"A utopia está lá no horizonte. Me aproximo dois passos, ela se afasta dois passos. Caminho dez passos e o horizonte corre dez passos. Por mais que eu caminhe, jamais a alcançarei. Para que serve a utopia? Serve para isso: para que eu não deixe de caminhar".
(Eduardo Galeano)

A DEMOCRACIA PARTICIPATIVA E O 'ÔNIBUS-VERDE' SEM ROTA DEFINIDA

Talvez a 'onda verde' nem mesmo devesse ser classificada assim,como um impulso monocromático a expressar um bloco de interesses convergentes, exprimíveis por uma plataforma da qual Marina Silva seria a porta-voz. Talvez o voto em Marina tenha sido um voto de ocasião; uma espécie de parada numa loja de conveniência em rodovia de trânsito intenso para tomar um fôlego e retornar à pista depois que o tráfego se ordenar melhor. Misturam-se nesse ambiente, tucanos desiludidos com a campanha que desdenhou FHC; religiosos e moralistas turbinados pela guerra de calúnia contra Dilma Rousseff; jovens avessos ao pragmatismo adotado pelo PT no poder; desiludidos com o teor de corrupção no aparato público que a mídia fraudulenta descreve como uma singularidade petista; descontentes com a política em geral e,claro, ambientalistas de diferentes matizes, desde a progressista até conservacionistas de direita.

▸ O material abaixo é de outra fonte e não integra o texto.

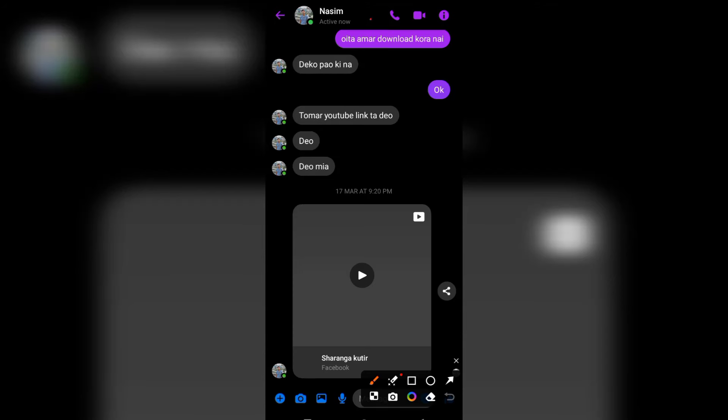The second messenger is active. When our messenger is active, we will be active in our name. But if you read our messenger, we will be able to read the message.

Talvez a melhor metáfora para o fenômeno Marina seja a do 'ônibus catch all, no qual cabe de tudo, justamente porque o rumo é indefinido e assim foi preservado pelo tratamento obsequioso da mída ávida por uma candidatura-guincho que fizesse o trabalho pesado de içar Serra ao 2º turno. Quando Marina por um fugaz momento alvejou o tucano no último debate, questionando promessas sociais oportunistas,este sacou a arma e fuzilou: você era uma deles; estava lá quando houve o mensalão". Marina calou-se.

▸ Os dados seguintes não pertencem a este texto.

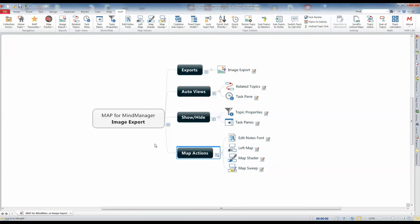We hope you have enjoyed this short Map 101 video and that Image Export helps expand your MyManager mapping experience.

Sem nunca ter dito para onde seguirá seu comboio, Marina encheu a lotação com 20 milhões de votos descontentes com algumas coisas para as quais ela de fato não ofereceu alternativa a negociar num 2º turno, exceto platitudes, do tipo, 'é preciso estratégia'. Se essa avaliação for correta, algumas consequencias se impõem:

a) o apoio de Marina não necessariamente arrasta esses votos ou a maioria deles a lugar algum;

b) uma parte desse eleitorado, com ou sem anuência da ex-ministra, é composta de conservadores de segunda chamada que irão, como sempre foram, engrossar a candidatura à direita no 2ª turno, como fizeram ao apoiar Collor em 1989, por exemplo;

c] deve a candidatura Dilma e a coligação que a apóia, mas sobretudo o PT, adotar um inserção mais aguerrida no debate político para explicitar diferenças turvadas no 1º turno, especialmente aquelas relativas à concepção de democracia e ao papel do Estado;

d] reverter a lógica do 1º turno em que o tema da Democracia foi sequestrado pela mídia demotucana com certa anuência do discurso institucional da candidatura Dilma; ;

e] a mídia demotucana inverteu os termos da equação acusando de autoritário o governo que realizou 74 conferencias nacionais temáticas com a participação de cerca de cinco milhões de pessoas no país.

f] demonstrar que a ampliação da democracia participativa é, de fato, a salvaguarda permanente da sociedade contra o fingimento eleitoreiro; não apenas o 'promessômetro" de Serra, como diz Marina, mas o próprio ideário ambientalista, afrontado ferozmente pela lógica neoliberal e seu anti-estatismo socialmente regressivo e ecologicamente predador.